Despite living through Section 28, I only learned from poet Jay Hulme’s introduction to The Outrage that it applied not only to schools, but to local libraries. As David E Bennett notes in a blog post on #UKLibChat, the impact of Section 28 is still being felt today. LGBTQI+ books remain limited in public libraries – and with the defunding and closure of many libraries, again under the Conservative government, it’s looking unlikely that this lack of resources will be corrected any time soon. In another blog post on #UKLibChat, John Vincent discusses librarians challenging Section 28 by protesting the policy, and getting involved in local initiatives to provide literature to community and outreach groups, despite the fact that they could have faced legal consequences for these actions.

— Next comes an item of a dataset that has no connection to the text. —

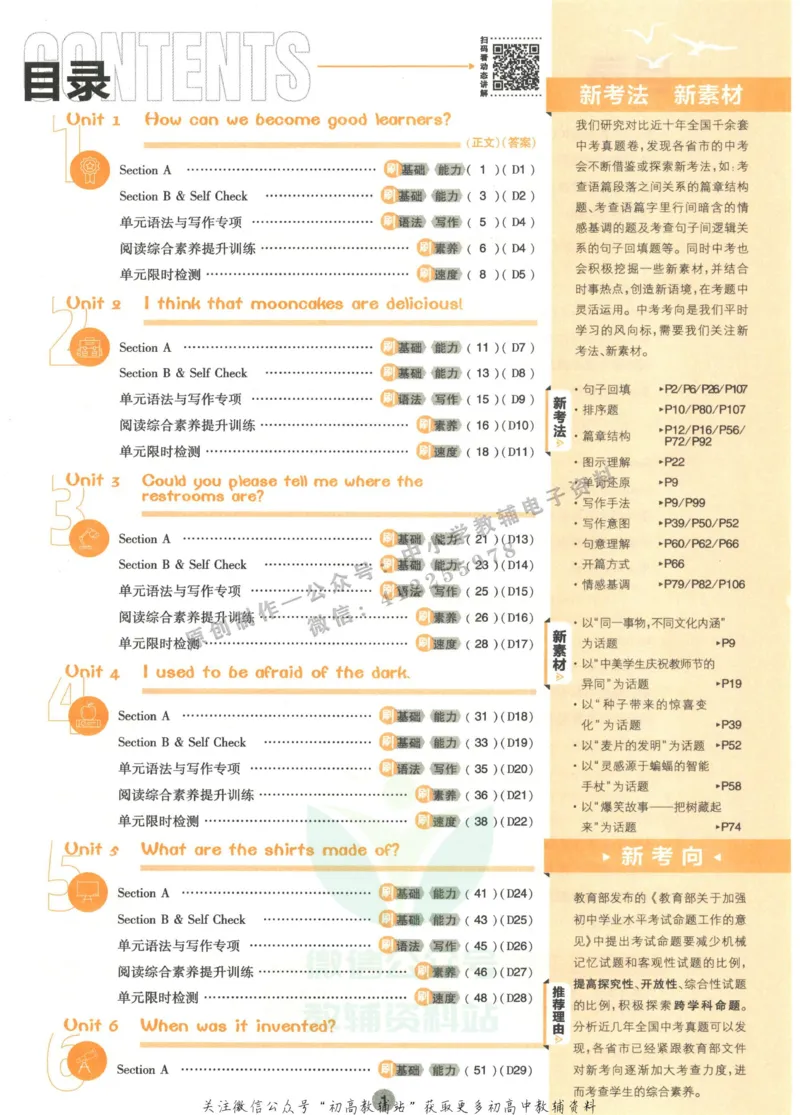 《初中必刷题九年级上册英语人教版_2、2025初中必刷题合集_初中必刷题23+24+25上册_2023版》第5页预览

It’s reassuring to read accounts from librarians who resisted Section 28 the first time around, as the UK is currently in the middle of an anti-LGBTQI+ backlash that has been frighteningly reminiscent of 1988 for many Brits, and which forms part of a broader swing to the far right. In addition to demonising trans people and undermining the UK’s leading LGBTQI+ charity, Stonewall, the current government has proposed a “free speech at universities” bill that in fact seems designed to ensure that university discussions and the exchange of ideas toe the government line; another bill that would “normalise over-policing of peaceful protests;” and an attempt to ban schools from teaching about anti-capitalism and similar anti-authoritarian movements. In the current political climate, the UK will need librarians like the one who haunts the spaces between the pages in The Outrage; but the examples of librarians resisting draconian laws and actions throughout history serve as a reminder that these keepers of knowledge will ensure that information and stories, no matter how strongly suppressed, will never be erased.